Alibaba’s Qwen team on Monday released a new family of AI models, Qwen2.5-VL, that can perform a number of text and image analysis tasks. The models can parse files, understand videos, and count objects in images, as well as control a PC — similar to the model powering OpenAI’s recently launched Operator.
Per the Qwen team’s benchmarking, the best Qwen2.5-VL model beats OpenAI’s GPT-4o, Anthropic’s Claude 3.5 Sonnet, and Google’s Gemini 2.0 Flash on a range of video understanding, math, document analysis, and question-answering evaluations.
Qwen2.5-VL, which is available to test in Alibaba’s Qwen Chat app and to download from AI dev platform Hugging Face, can analyze charts and graphics, extract data from scans of invoices and forms, and “comprehend” multiple-hours-long videos, the Qwen team says. Qwen2.5-VL can also recognize “IPs from film and TV series, as well as a wide variety of products,” per the team — suggesting that the models might’ve been trained in part on copyrighted works.
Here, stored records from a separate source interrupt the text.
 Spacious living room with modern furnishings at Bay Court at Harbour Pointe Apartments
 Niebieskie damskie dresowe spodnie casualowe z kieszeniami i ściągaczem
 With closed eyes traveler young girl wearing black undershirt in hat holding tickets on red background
Qwen2.5-VL, being AI developed by a Chinese company, has certain restrictions on the topics it will discuss — at least in Qwen Chat. When I asked the largest and most capable Qwen2.5-VL model, Qwen2.5-VL-72B, to talk about “Xi Jinping’s mistakes,” Qwen Chat threw an error message.
China’s internet regulator benchmarks many models developed in the country to ensure their responses “embody core socialist values.” Many Chinese AI systems decline to respond to topics that might raise the ire of regulators, such as Taiwan’s autonomy.
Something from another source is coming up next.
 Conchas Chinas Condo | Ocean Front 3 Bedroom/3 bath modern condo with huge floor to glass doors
One of Qwen2.5-VL’s more interesting features is its ability to interact with software — both on PCs and mobile devices. A video posted on X by Philipp Schmid, a technical lead at Hugging Face, showed Qwen2.5-VL launching the Booking.com app for Android and booking a flight from Chongqing to Beijing.
Don’t Miss @Alibaba_Qwen 2.5 VL! Despite all the Deepseek Hype, Qwen just dropped the best open Multimodal! Qwen 2.5 VL is a Vision Language Model that can control your computer, similar to the @OpenAI operator, extract structured information from charts, and more!!
TL;DR;
3️⃣… pic.twitter.com/GeEGVdl0tI— Philipp Schmid (@_philschmid) January 27, 2025
In the video below, a Qwen2.5-VL model controls apps on a Linux desktop — but doesn’t seem to accomplish much beyond switching tabs. Perhaps tellingly, Qwen’s benchmarking shows Qwen2.5-VL scoring poorly on OSWorld, a benchmark that tries to mimic a real computer environment.
LMAO Qwen 2.5 VL can perform Computer Use, out of the box, taking on OpenAI Operator HEAD ON! 🐐 pic.twitter.com/lwMECXzNSu
— Vaibhav (VB) Srivastav (@reach_vb) January 27, 2025
The two smaller, less sophisticated models in the Qwen2.5-VL series, Qwen2.5-VL-3B and Qwen2.5-VL-7B, are available under a permissive license. The flagship Qwen2.5-VL-72B, however, is under Alibaba’s custom license, which requires that companies and devs with more than 100 million monthly active users request permission from Qwen/Alibaba before deploying the model commercially.